Pero al regresar al Horreo todos hojeaban sus libros; Ota vio que su Boquitas pintadas era la segunda edición; en realidad, todos tenían una segunda edición; la mía era una primera edición; años después Puig se asombró de que la tuviera, porque suponía que se había agotado en Argentina y sólo había llegado a México a partir de la segunda.
–Estábamos juntos, la tomamos al mismo tiempo, del mismo librero, y a este hombre le tocó una primera edición y a mí una segunda– decía, aparantando quejarse.
Ofrecí que cambiáramos ejemplares, que él, con tantas primeras ediciones en su biblioteca, merecía tener también ésa.
–De ninguna manera. Si te tocó la primera fue por algo –se negó a aceptar.

Otra tarde alguien nos dijo que había ejemplares del Diccionario de lugares comunes, de Flaubert, en la Librería de Cristal; fuimos Ota, Renán y yo, apenas terminamos la cerveza que disfrutábamos; era la traducción de Alberto Ciria, para la editorial de Jorge Álvarez; compré tres ejemplares, uno para Lourdes, otro para Arturo Valdés Olmedo, y otro para mí; tengo varias versiones diferentes, y hasta con títulos diferentes (Diccionario de tópicos; Diccionario de ideas recibidas; Diccionario de ideas simples); ésta es la mejor; fue el último libro que compré en la Pérgola de la Alameda.
No todo fue tan bueno en Libros Escogidos; durante dos años fui de los amigos más cercanos a Polo, al grado de que comí en su casa varias veces, me regaló la amistad de Chucho Vargas Heredia, y me mostró su bodega secreta, de la que me vendió varios títulos inencontrables, en ediciones rarísimas; una de ellas, Estos trece, hizo palidecer de envidia a Horacio Crespo, el más fanático de los fanáticos de Faulkner, otro de los escritores que leí obligado por Sainz. Luego de esos dos años tuve varios desencuentros con Polo; en una próxima, si Arturo Valdés me da su venia, hablaré de la buena etapa en Libros Escogidos, y de cómo se fue distorsionando.

Hasta la noche del domingo se habían completado 218 blanquedas en esta temporada de las Ligas Mayores, y el juego 28 con marcador de 1-0, además de otro juego de un hit; van cuatro que se rompen en la novena entrada.
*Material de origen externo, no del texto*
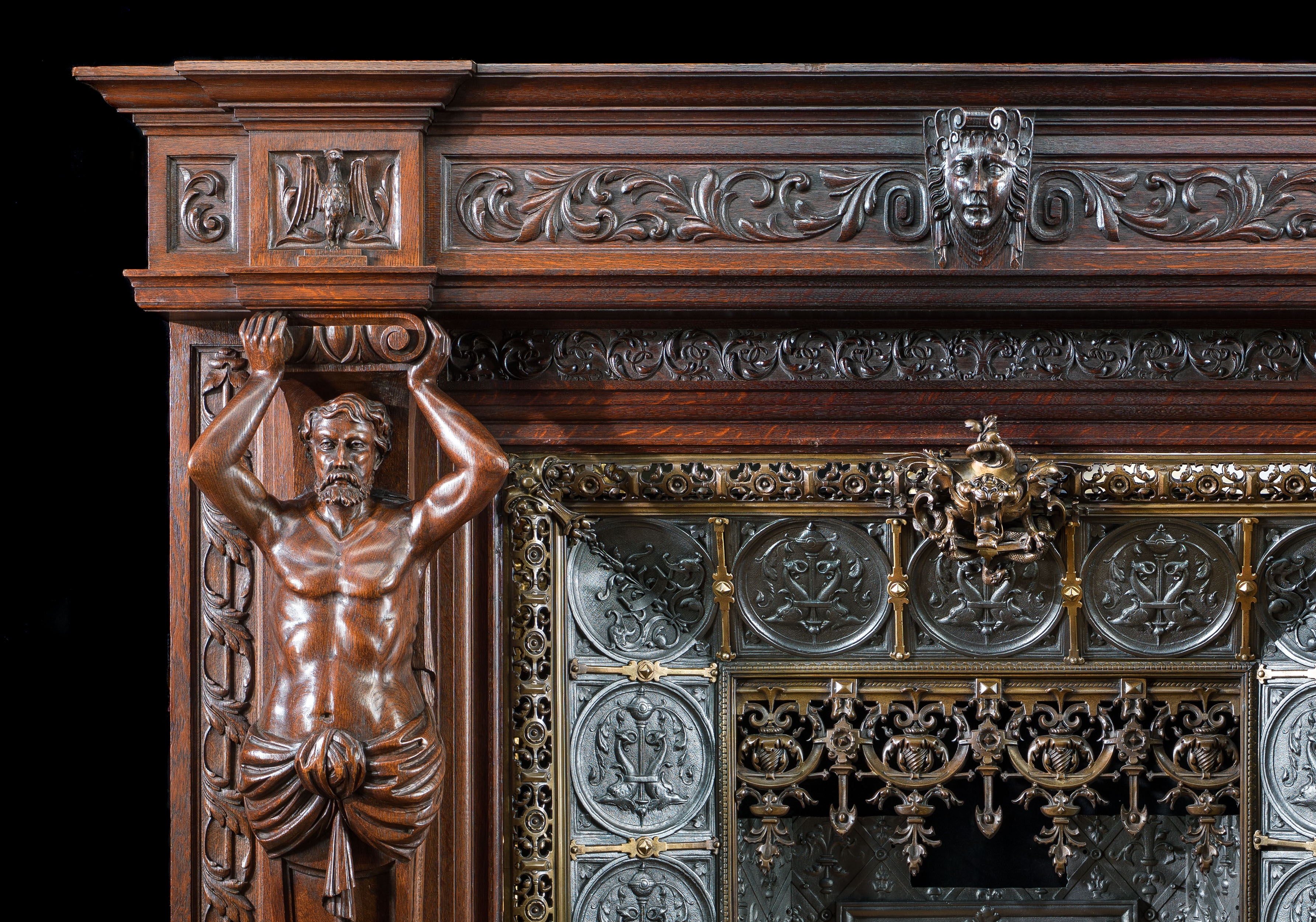 A large French carved Oak Renaissance style fireplace and insert.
Aunque Marco Antonio Pulido me exige que ya no hable bien de los pitchers porque luego son apaleados, no puedo evitar que mi entusiasmo por el beisbol regrese, luego de que tantos años con jonroneros artificiales llevaron tanta mediocridad a los diamantes, en beneficio de las grandes entradas; ni tanto, hay dos o tres equipos en bancarrota; a ver si Ebrard compra uno de ellos, como pretendió con el ahora Washington, aunque no haya parque donde jueguen.